After three teams passed him by even though he had the makings of a first overall NHL draft pick, Seth Jones now has the potential to prove himself a steal for the Nashville Predators. While the Colorado Avalanche, Florida Panthers and Tampa Bay Lightning all opted for offense two months ago, the Preds made him the highest pick among defensemen with the fourth overall selection.
Selection order aside, Jones is advancing his professional career with as little hesitation as possible. In addition to signing his entry-level deal, he accepted an invitation to Team USA’s Olympic Orientation Camp, making him one of a handful of 2014 roster candidates who have yet to play an NHL game.
In terms of excitement, making the final cut and garnering a passport to Sochi, Russia, would be syrup and whipped cream on Jones’ rookie sundae. Nashville management has noticeably spent its summer clearing roster space to ensure that the point-patrolling prodigy is with the club this autumn.

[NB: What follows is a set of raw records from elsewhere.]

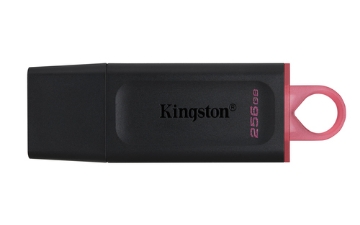 Bild på KINGSTON 256GB DT EXODIA USB 3.2 GEN 1 DTX/256GB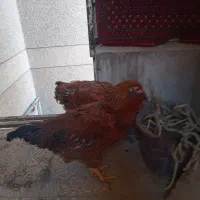 دو عدد مرغ به فروش میرسد|پرنده|شیراز, تحویلی|دیوار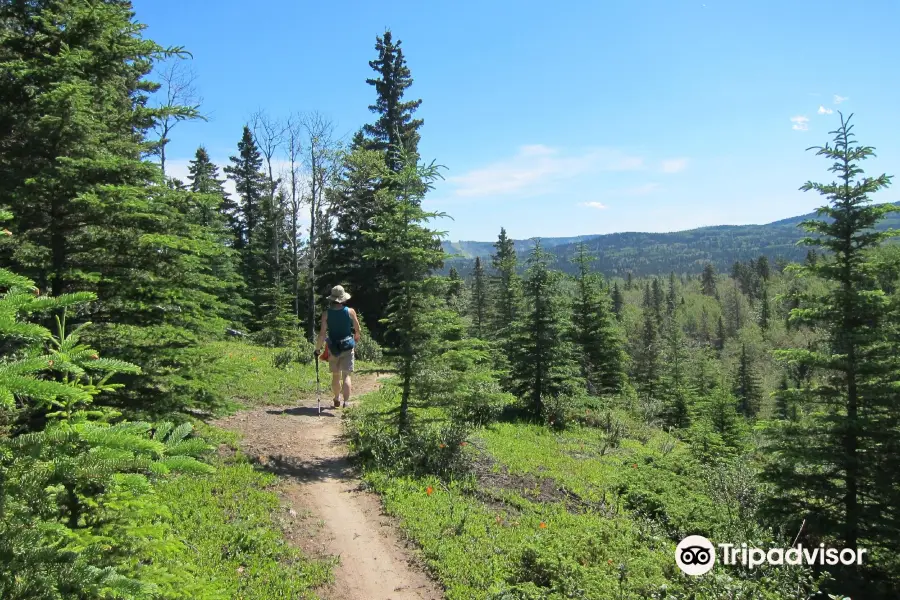 Hinton Bike Park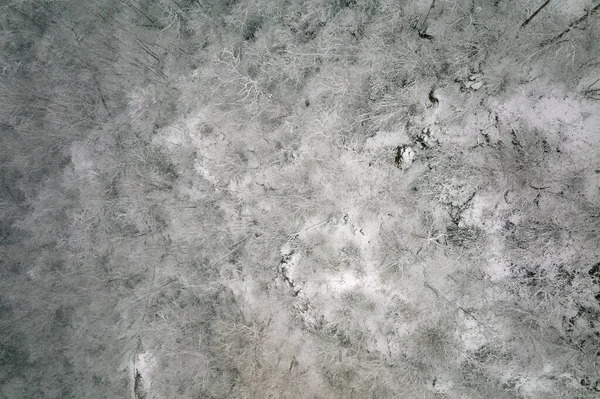 Paisagem Nebulosa Aérea Com Pinheiros Sempre Verdes Cobertos Com Neve — Fotografia de Stock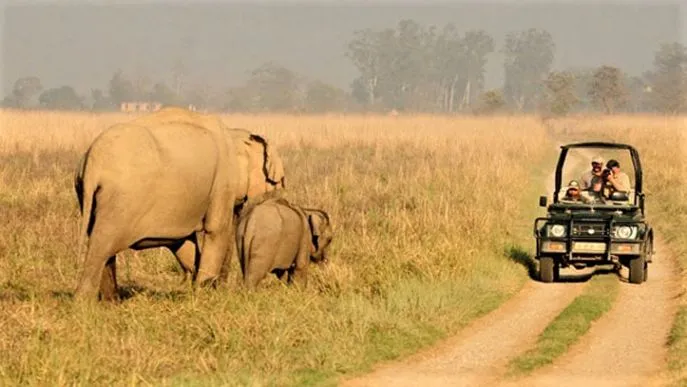9 dimsum india rondreis corbett national park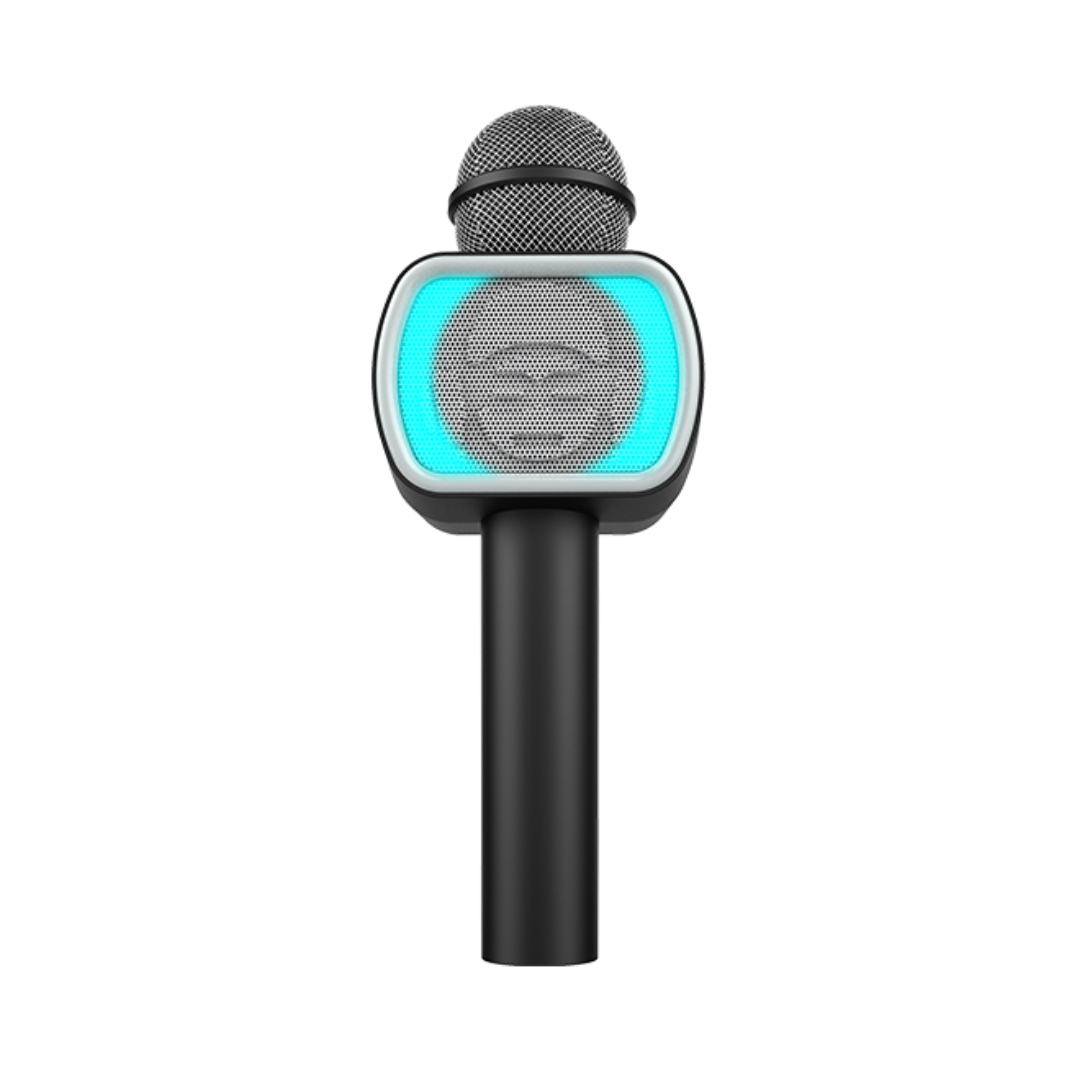 Micro MIC PARTY PM20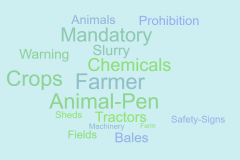 English-Word-Cloud-Farm-Safety-by-Lily-6th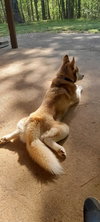 Sev - Photo 4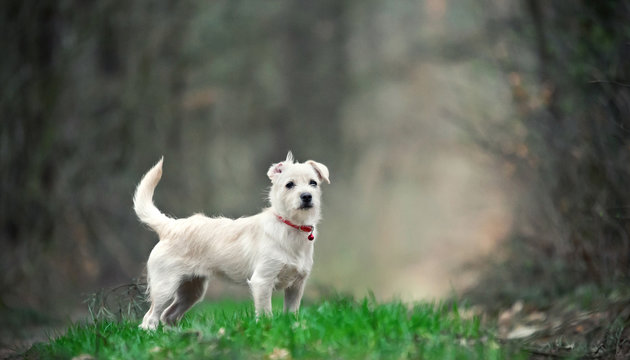 White puppy on a walk in the forest
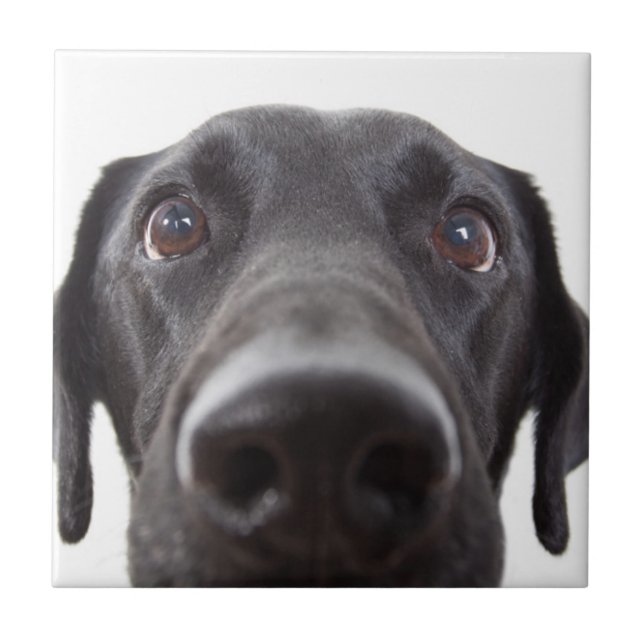 Black Labrador Closeup Porträtt Kakelplatta (Framsidan)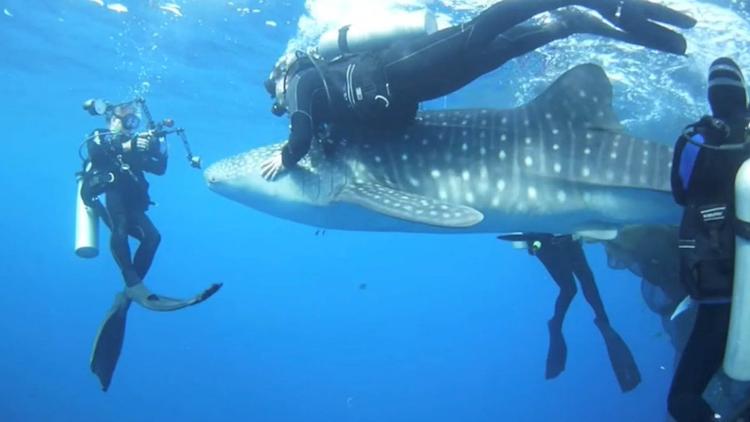 Постер Shark divers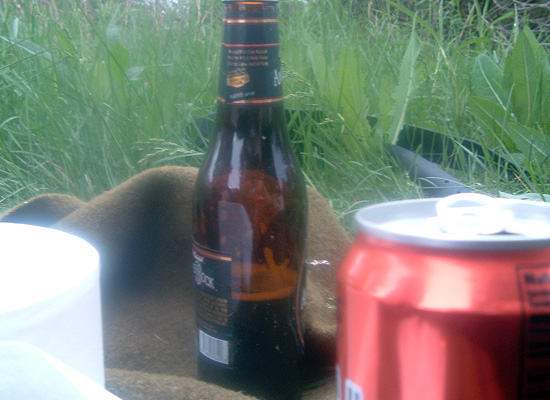 09_picnic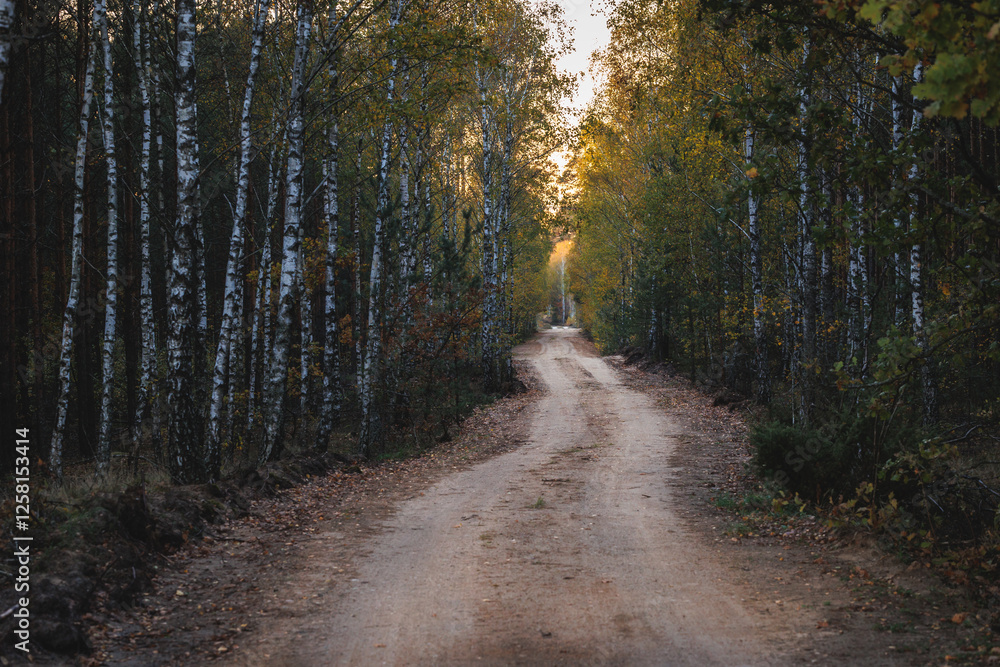 Evening view of a road in forest in area of Lochow town, Masovia region of Poland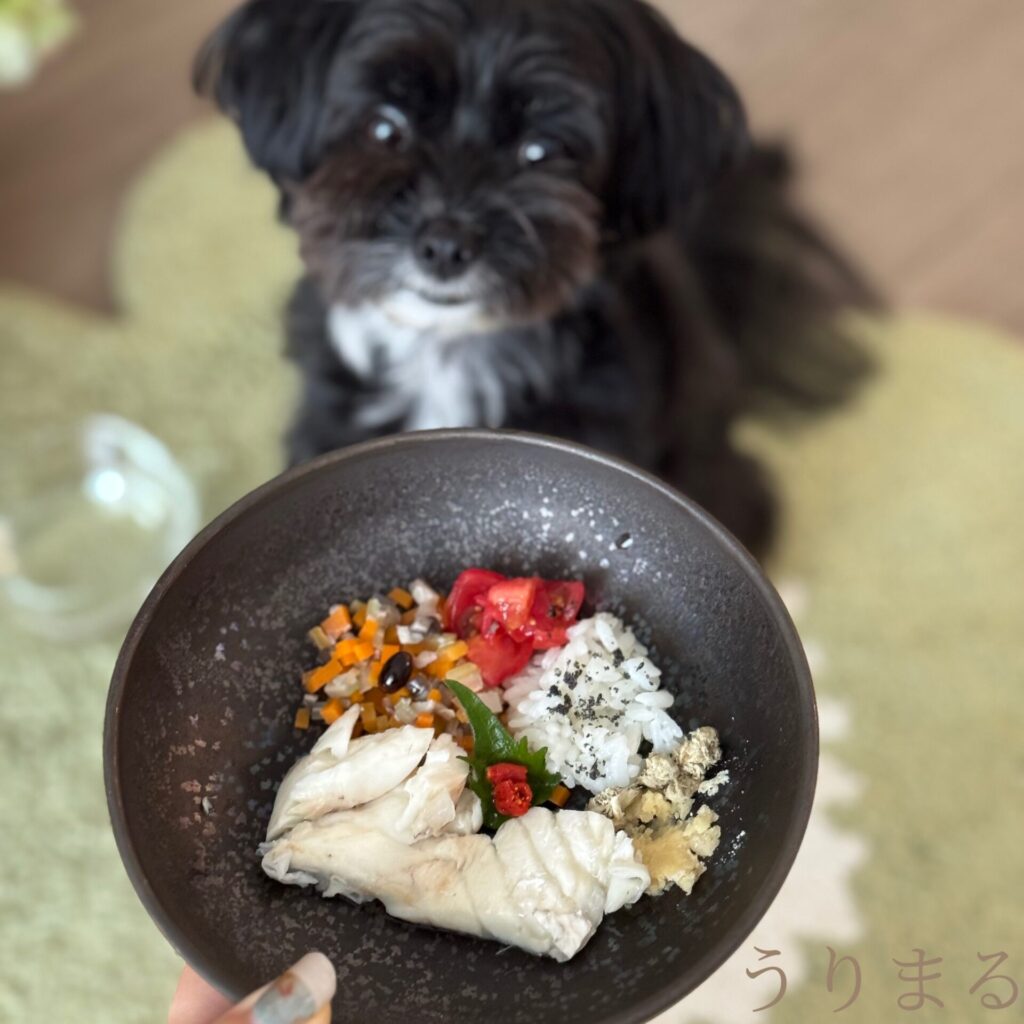 ChatGPT 手作りごはん ご飯 ドッグフード 犬 薬膳 食療生 療法食 食事療法 療養食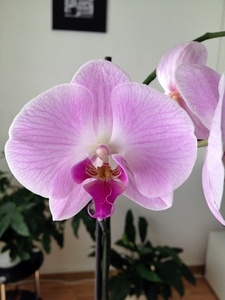 Orchideen-Hybride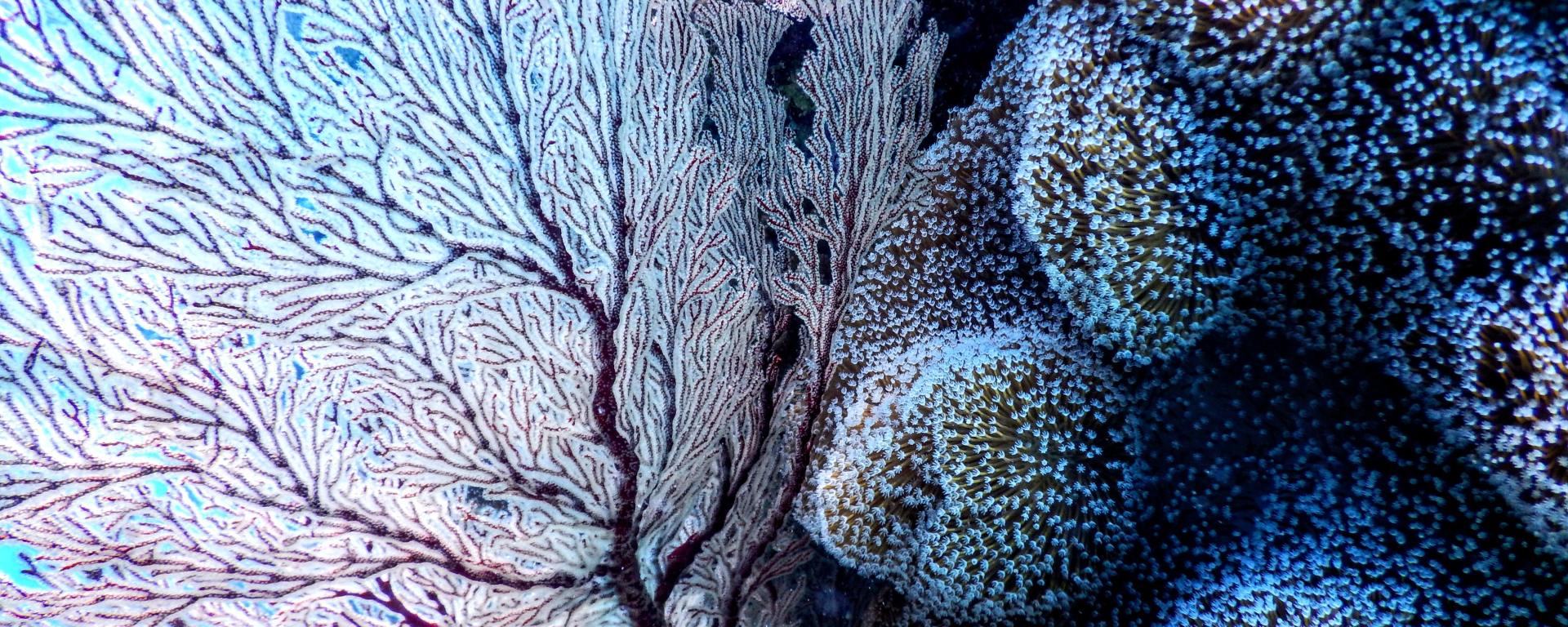 Living corals showing abstract shapes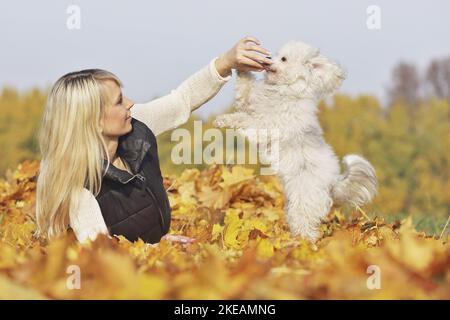 Donna con Powderpuff cinese crested Foto Stock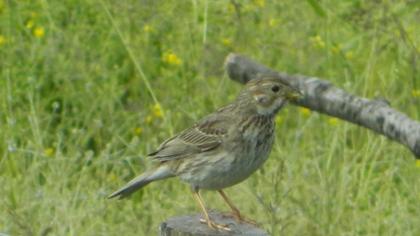 Corn Bunting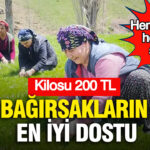 hem-lezzetli-hem-de-sifali-bagirsaklarin-en-iyi-dostu-kilosu-200-tl-RVtJKQpL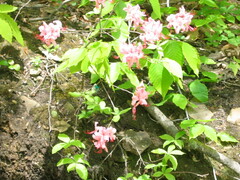 Rhododendron prinophyllum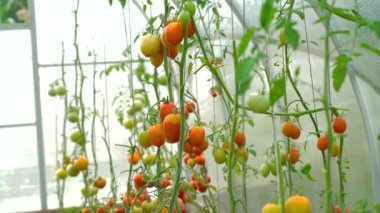 Kırmızı ve sarı olgun domatesler bir serada yetişir. Özel bir çiftlikteki dalda taze domates.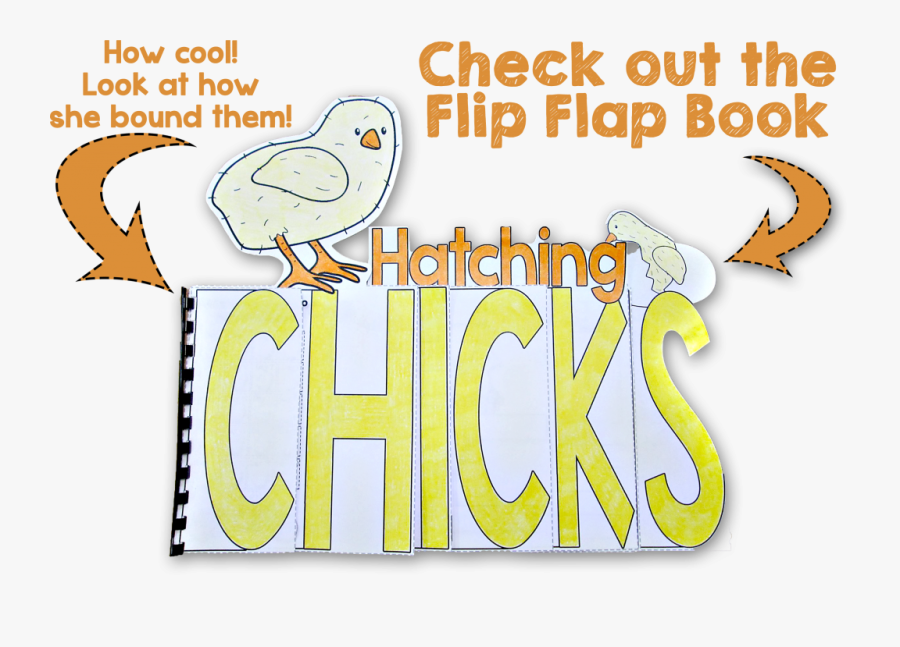 Hatching Chicks - Cartoon, Transparent Clipart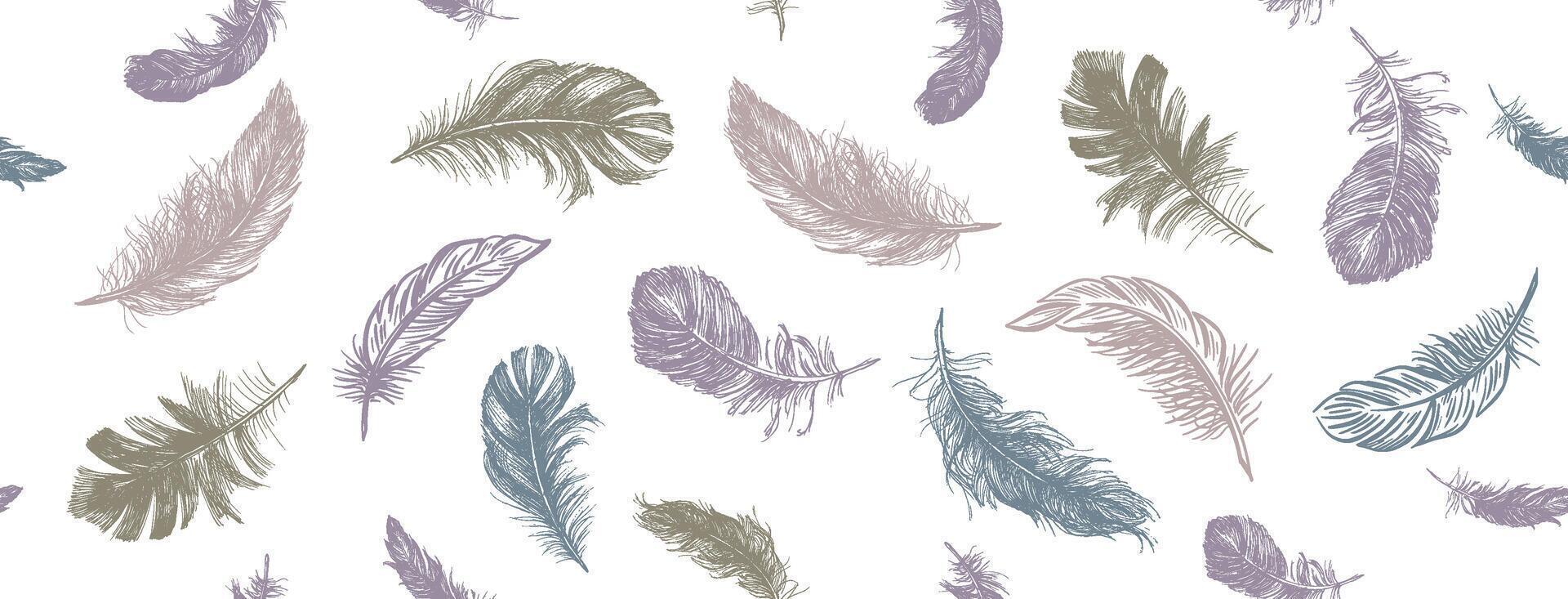 Multicolored Feather Pattern, set on white vector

Those efforts are easy to understand since Jones does not have much, if anything, left to prove in the amateur ranks. He was nearly a point-per-gamer with the Portland Winterhawks and the United States World Junior team, and he should blossom into an effective defender of his own zone as he fills out his 6'4" frame.
Per Elite Prospects, he will also offer plenty in the other zones with “excellent mobility…puck-handling and a very dangerous slap shot.”
Jones leads off a list of 20 defensemen who by 2020 can all be bona fide NHL elites at their position. Here are the other 19 in alphabetical order.
Despite spending the majority of 2012-13 with the last place Ottawa 67s, Cody Ceci finished second among Ontario Hockey League defensemen with 19 goals and 64 points. That included 40 points in 42 appearances with the 67s, who effectively forced him to endure the only “minus” campaign in his four-year major junior career so far.
That season was briefly interrupted when he practiced with the Ottawa Senators during the week leading up to the belated NHL season.
Termed “a potentially complete package” by Hockey’s Future and an all-around defenseman who can impact both sides of the special teams’ spectrum, Ceci can keep testing his offense and refining his defense at lower levels for another year or two. Four of Ottawa’s seven NHL-rostered blueliners are 25 years of age or younger at the moment.
At the same time, for the immediate future, Ceci is an integral part of keeping the Sens’ revolving door churning through the pipeline.
At 5'11" and unlikely to reach 200 pounds at any point, Adam Clendening is anything but imposing. However, for everything he lacks in size, he makes up for with a radiant threat from his perch on the point when his team is in the attacking zone.
In that regard, he achieved no small feat as he seamlessly transitioned from Boston University to the AHL. Upon turning pro when he was 19, he posted a 9-37-46 scoring log in 73 games and went to the 2013 AHL All-Star Classic as a Rockford rookie.
Chicago’s second-round draft pick in 2011, Clendening should get his chance to start a somewhat long process of gradually elevating to the foremost frontier this season. Blackhawks amateur scout Mark Kelley indicated as much to NHL.com, and it will make sense considering the short, celebratory summer the established blue-line corps has had.
Although he has already seen action in 11 regular season and two playoff games with Detroit, Danny DeKeyser still has the right to bear the prospect label as he has yet to embark on his first full professional season.
Coming out of the collegiate ranks means potentially needing a little more minor league seasoning to acclimate to the more game-heavy professional itinerary. Other than that, the skill set is unmistakably there and poised for cultivation.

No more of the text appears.